Une autre chose m’a interpellé : j’ai été questionné sur le fait de savoir pourquoi si peu de victimes des attentats réagissent comme moi, et pourquoi étions nous si peu nombreux ? Comment pouvais-je répondre à cette question, que je me pose moi même ? A ma connaissance je ne connais que deux parents qui luttent contre cet islamisme votre serviteur et là il m’est facile de répondre : j’ai été touché dans ma chair avec le décès de Nathalie, et étant un revanchard, un hargneux et un buté, il ne m’était pas possible de réagir autrement. Quand on touche un fauve, il faut s’attendre à ce qu’il contre-attaque. Je dois avoir un côté un peu “fauve”, comme mon ami Albert Chenouf, qui a perdu son fils, lâchement abattu par Mohamed Merah.

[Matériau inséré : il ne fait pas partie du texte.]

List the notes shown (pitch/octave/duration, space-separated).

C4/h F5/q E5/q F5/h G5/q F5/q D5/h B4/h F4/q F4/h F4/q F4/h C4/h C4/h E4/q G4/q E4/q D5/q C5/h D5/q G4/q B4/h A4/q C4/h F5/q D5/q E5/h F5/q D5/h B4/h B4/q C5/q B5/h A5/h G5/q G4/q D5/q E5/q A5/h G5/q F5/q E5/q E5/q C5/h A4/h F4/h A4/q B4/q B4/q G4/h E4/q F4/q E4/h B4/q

Alors pourquoi sommes nous que deux ? D’abord il faut savoir que dès que vous prenez position contre l’islamisme, vous avez une étiquette comme une étoile jaune de raciste, fasciste, xénophobe ou extrême droite. Des mots dont la presse islamo-gaucho se délectent. Tout le monde n’a pas forcément envie de se faire insulter de la sorte. Certains ont un métier, et ont peur que leur positionnement anti-islamistes ne les gênent, à la fois dans leur carrière, dans leurs rapports avec leur famille, leurs amis, ou leurs voisins. Et puis tout le monde n’a pas un moral de guerrier et de vainqueur. Certains sont nés perdants et mourront perdants. Et puis quand je déclare que lors des scènes de guerre civils qu’ont développées les musulmans lors de la CAN en Juillet 2019, LA POLICE AURAIT DU TIRER A BALLES REELLES COMME LE FONT LES POLICIERS ALGERIENS (repris depuis par une femme EXCEPTIONNELLE, Zineb El Rhazoui), j’ai été menacé par des journaux algériens et ça il faut savoir l’assumer !

Et une autre personne s’étonnant que nous ne soyons que si peu j’ai pu lui répondre que peu importe le nombre l’important étant la qualité et qu’en 1940 au début de la guerre seul 2% des Français était résistants. Et on a vu à quel point la résistance a été importante lors de la dernière guerre. Alors espérons que comme à la dernière guerre, nous soyons peu actuellement, mais beaucoup à la fin pour chasser hors de notre magnifique pays ces islamistes radicaux!